Manufacturers in the country lost out completely in the African Growth Opportunity Act of the Barack Obama administration, because they failed to be competitive.
AGOA, initiated in 2000, was meant to foster duty-free trade between the US and African countries.
According to Segun Awolowo, Chief Executive Officer of the Nigerian Export Promotion Council (NEPC) the nation had not benefitted from AGOA because the country’s products were poorly packaged, and that it needed the government’s support to beat the test of time.
Awolowo who spoke to NAN on Monday, said, “Our participation in AGOA has not been very good, we are not even looking at that now, we want our goods to be competitive in every way in order to benefit from it.
“In fact, right now, we are not putting our hopes in it, as we have been having restrictions in prices, and other requirements on our exported products.
“Other African countries have been benefitting because they have worked on a level of competitiveness, and they have more government’s support for their locally manufactured goods.

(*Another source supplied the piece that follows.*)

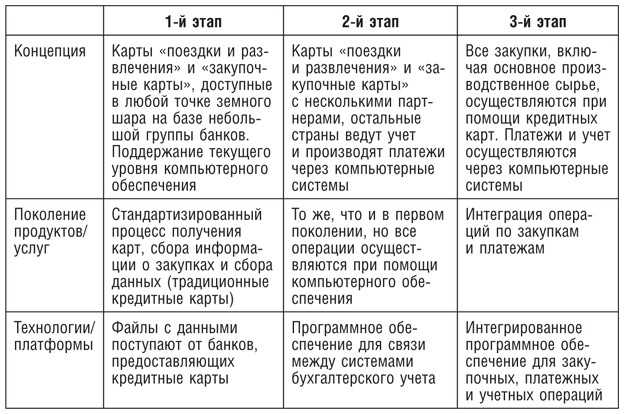 Иллюстрация к книге — Бережливое производство плюс шесть сигм в сфере услуг. Как скорость бережливого производства и качество шести сигм помогают совершенствованию бизнеса [i_098.jpg]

Awolowo said that the council and the relevant government agencies were working on a new policy, “the zero oil policy.”
“We should ignore AGOA for now and focus on making our goods competitive in the global market. That is what we are trying to do.
“We have not been able to produce as we should. Besides, there is the problem of insurgency in the North, which has crippled our food production and packaging,” he said.
He added that the country for now could survive without AGOA pending when the necessary competitive apparatus were put in place.
Awolowo said that the council was also working on the repackaging of food and industrial products to overshadow the provisions of AGOA, and even pay duty if need be.